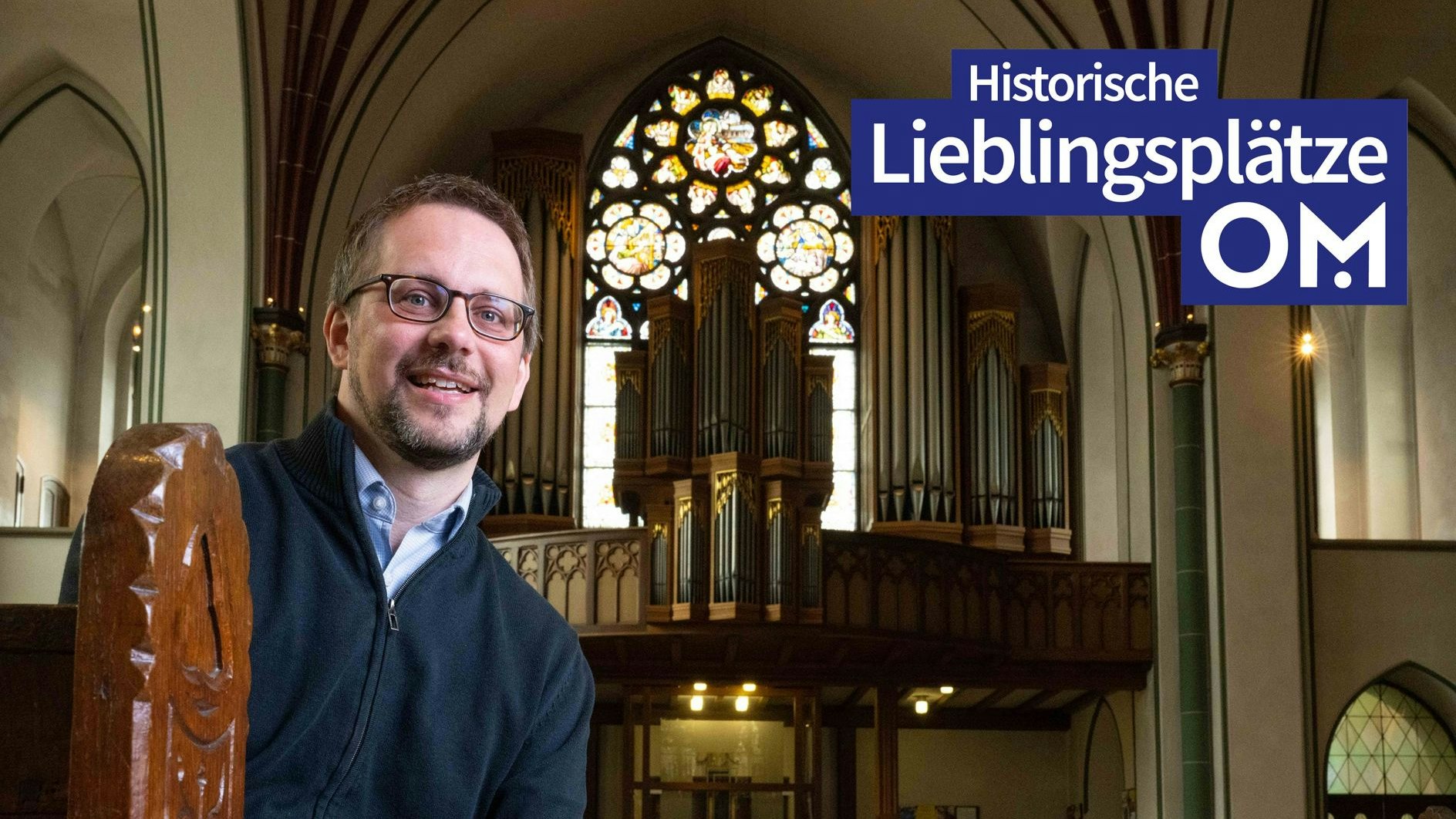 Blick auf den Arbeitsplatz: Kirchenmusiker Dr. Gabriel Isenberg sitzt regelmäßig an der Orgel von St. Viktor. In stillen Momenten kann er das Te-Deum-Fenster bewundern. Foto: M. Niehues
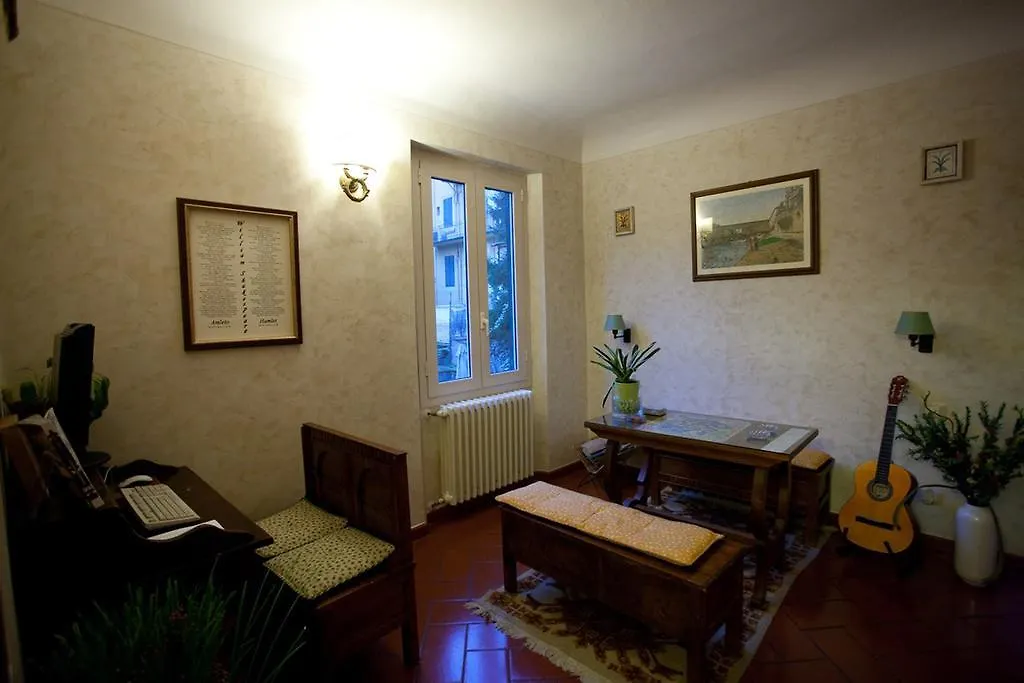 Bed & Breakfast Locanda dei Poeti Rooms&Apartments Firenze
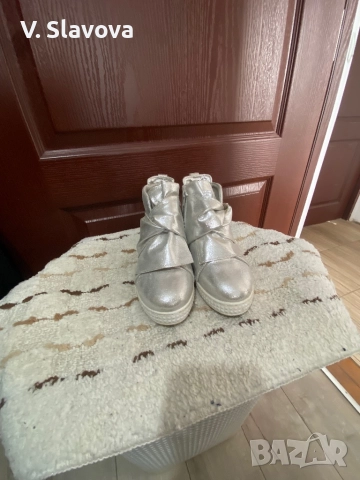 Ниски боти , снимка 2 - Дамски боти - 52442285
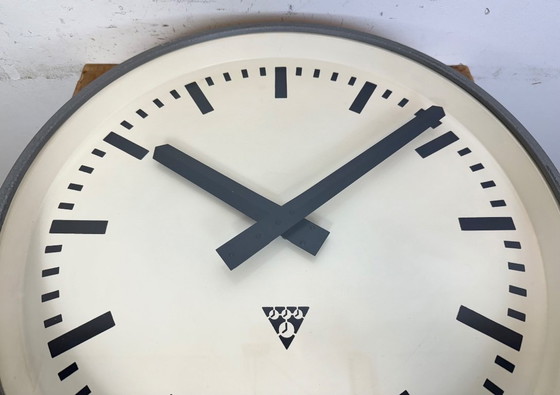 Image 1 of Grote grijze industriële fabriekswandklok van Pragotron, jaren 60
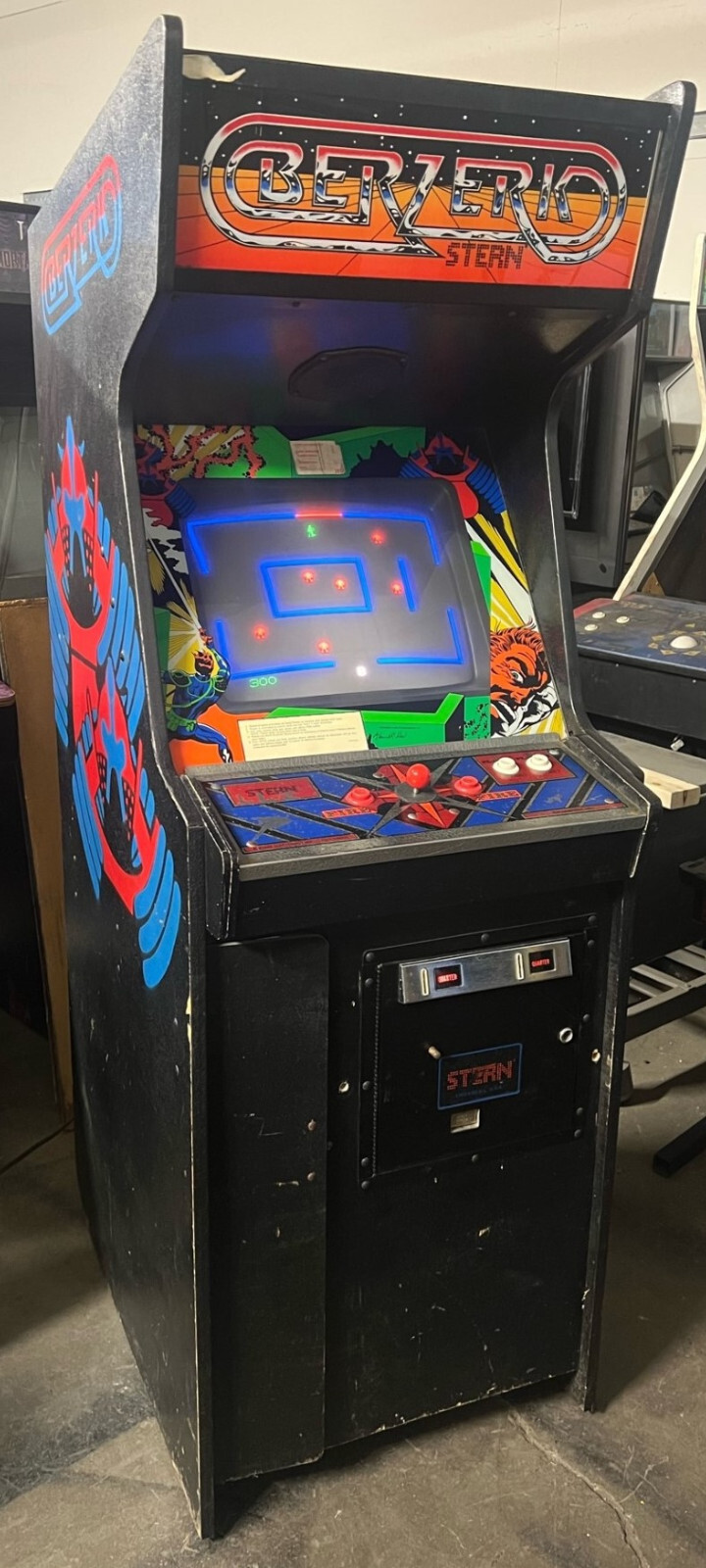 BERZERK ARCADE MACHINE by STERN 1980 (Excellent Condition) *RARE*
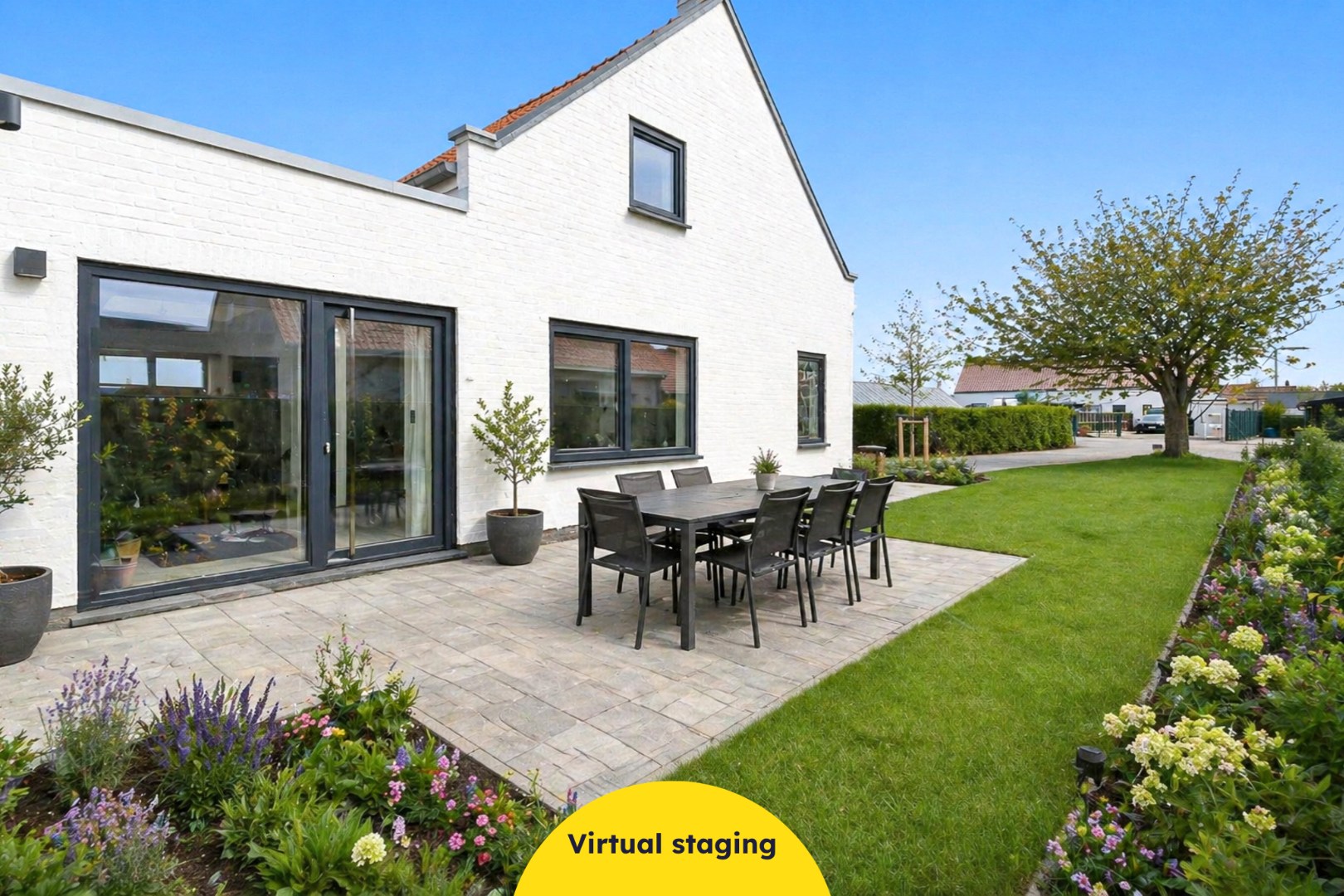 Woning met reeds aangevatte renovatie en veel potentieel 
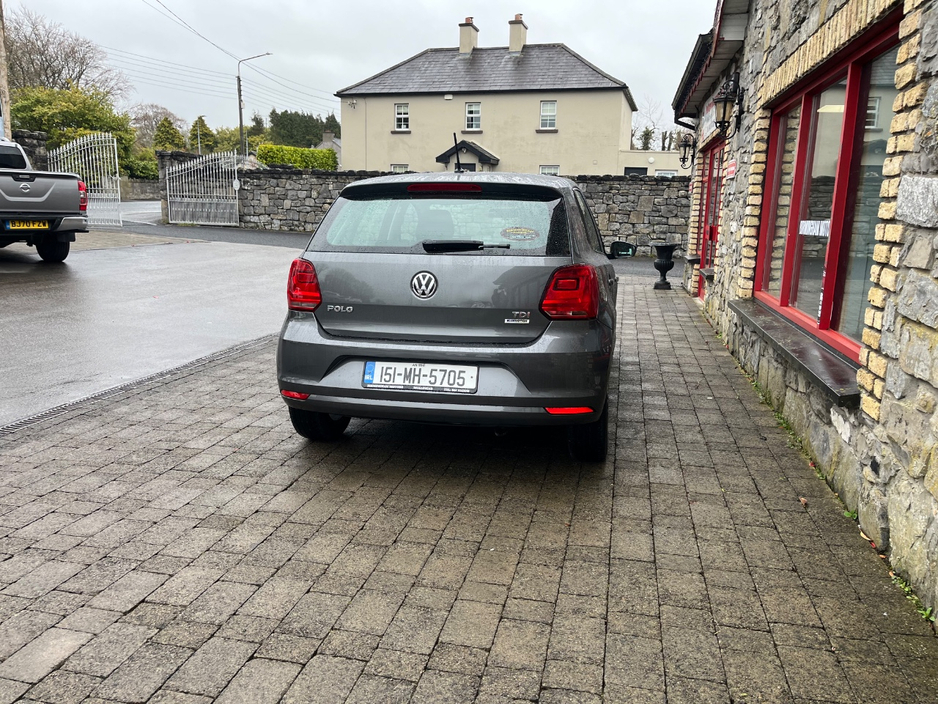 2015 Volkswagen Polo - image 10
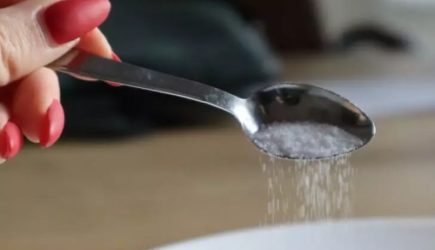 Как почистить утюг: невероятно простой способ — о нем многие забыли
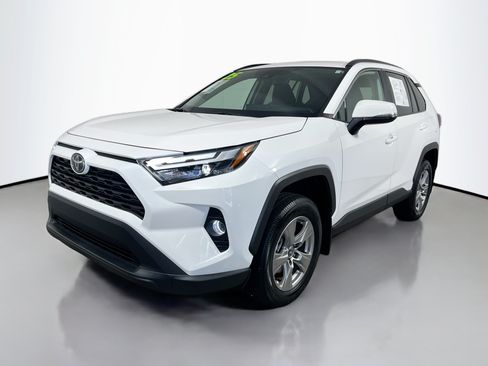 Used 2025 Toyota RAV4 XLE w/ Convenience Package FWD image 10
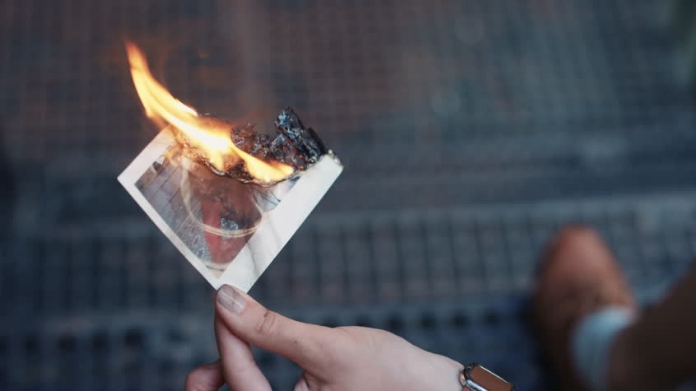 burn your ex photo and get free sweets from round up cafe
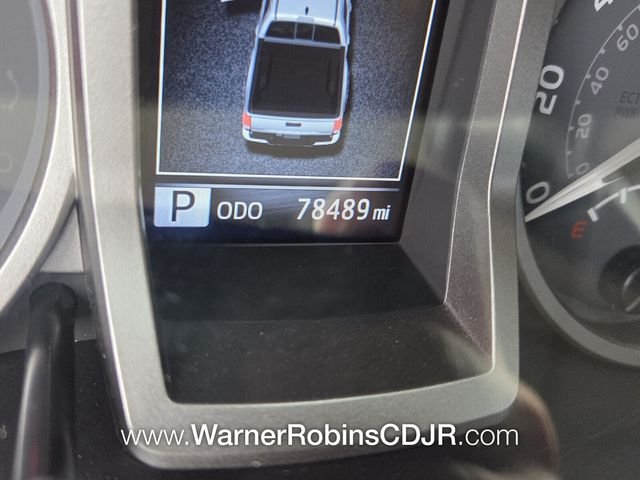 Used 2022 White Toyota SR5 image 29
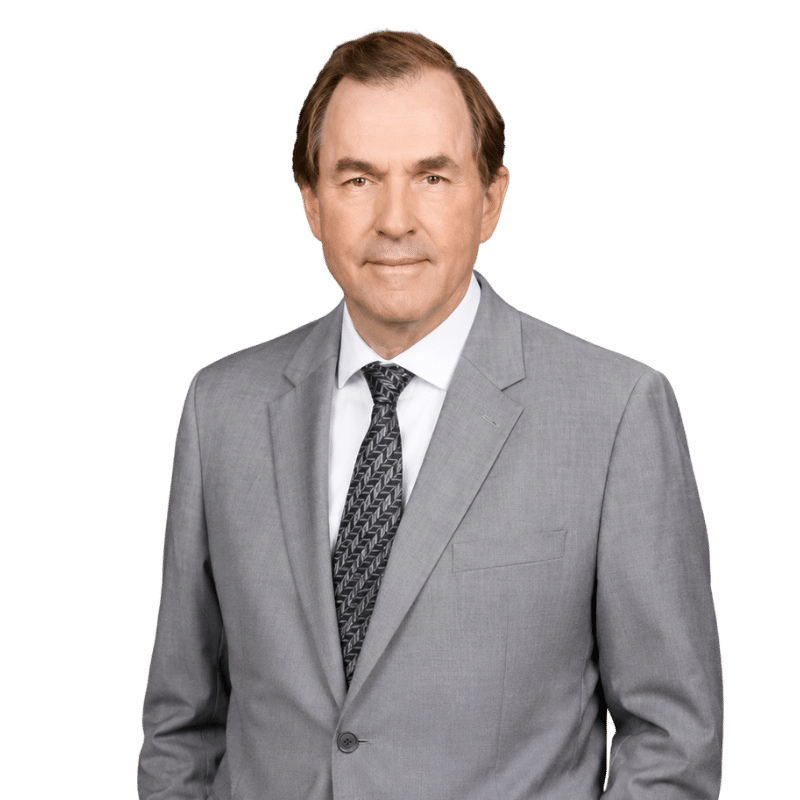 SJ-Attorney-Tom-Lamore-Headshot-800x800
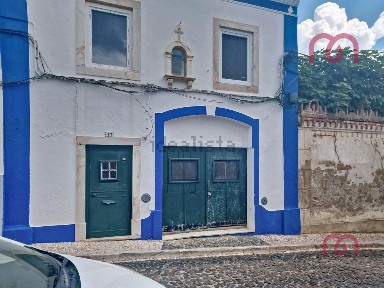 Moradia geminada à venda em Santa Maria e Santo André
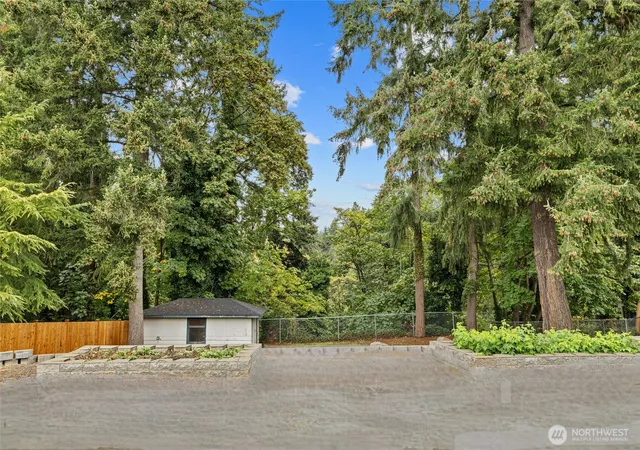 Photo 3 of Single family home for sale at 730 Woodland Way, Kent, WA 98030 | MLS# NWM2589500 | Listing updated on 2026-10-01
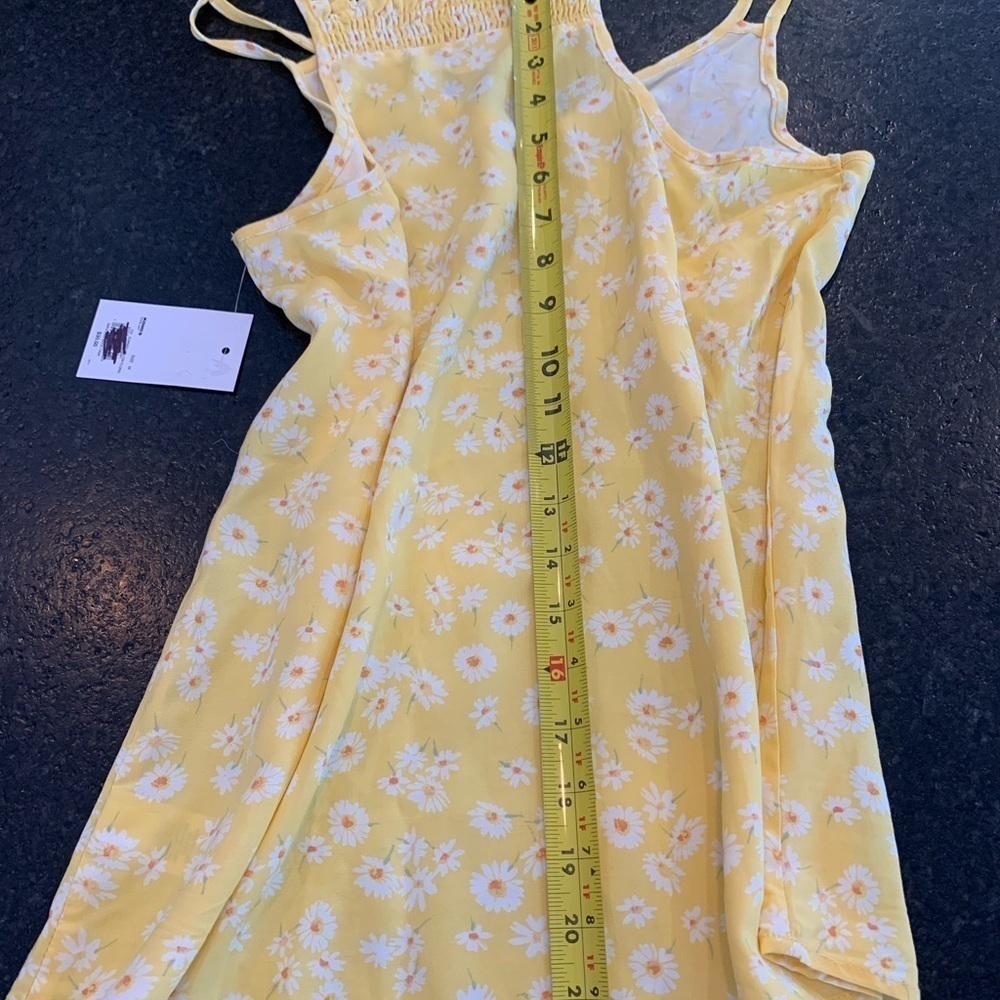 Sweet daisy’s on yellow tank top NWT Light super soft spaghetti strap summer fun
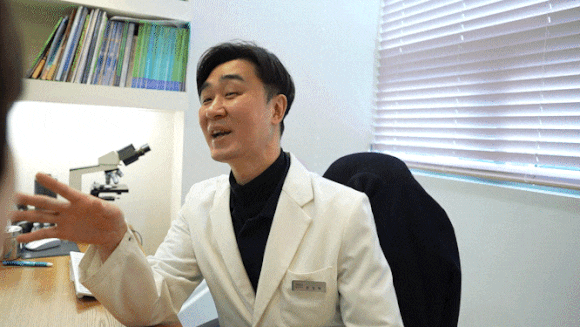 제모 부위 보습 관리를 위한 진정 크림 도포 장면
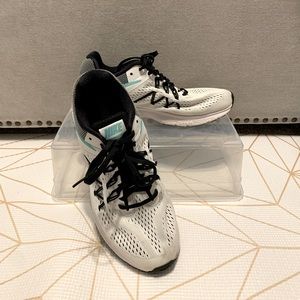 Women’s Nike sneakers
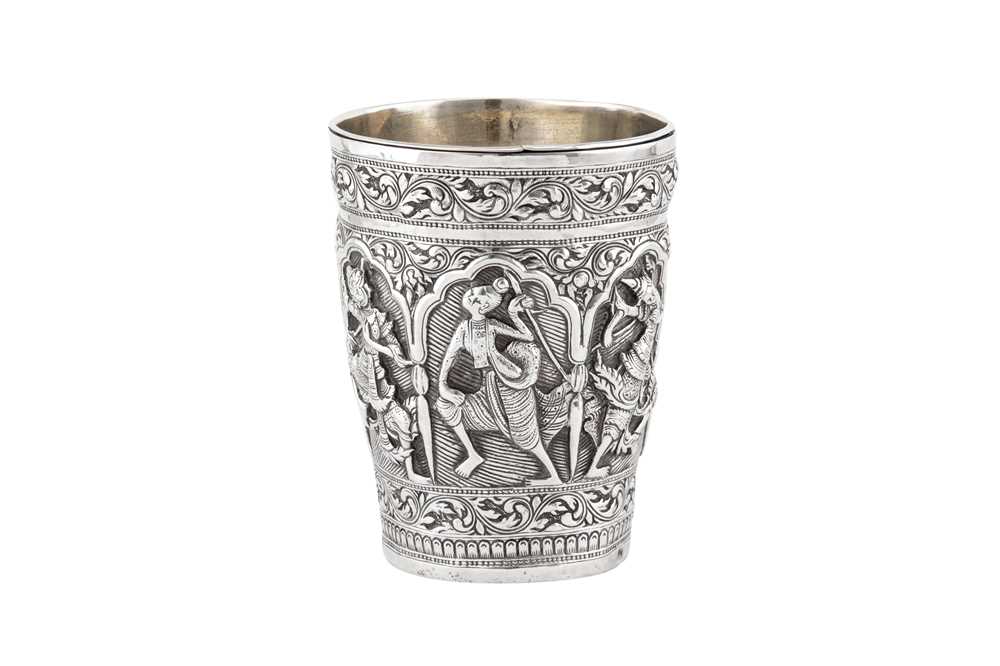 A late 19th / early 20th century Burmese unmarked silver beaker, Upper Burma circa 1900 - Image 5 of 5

::::::::::

TRY IT »
Exact copies of the lines from the one containing "Woning met reeds" through the end of the records above are required, with no pictures among them.

OUTPUT »
 Woning met reeds aangevatte renovatie en veel potentieel 
 2015 Volkswagen Polo - image 10
 Как почистить утюг: невероятно простой способ — о нем многие забыли
 Used 2025 Toyota RAV4 XLE w/ Convenience Package FWD image 10
 burn your ex photo and get free sweets from round up cafe
 Used 2022 White Toyota SR5 image 29
 SJ-Attorney-Tom-Lamore-Headshot-800x800
 Moradia geminada à venda em Santa Maria e Santo André
 Photo 3 of Single family home for sale at 730 Woodland Way, Kent, WA 98030 | MLS# NWM2589500 | Listing updated on 2026-10-01
 Sweet daisy’s on yellow tank top NWT Light super soft spaghetti strap summer fun
 제모 부위 보습 관리를 위한 진정 크림 도포 장면
 Women’s Nike sneakers
 A late 19th / early 20th century Burmese unmarked silver beaker, Upper Burma circa 1900 - Image 5 of 5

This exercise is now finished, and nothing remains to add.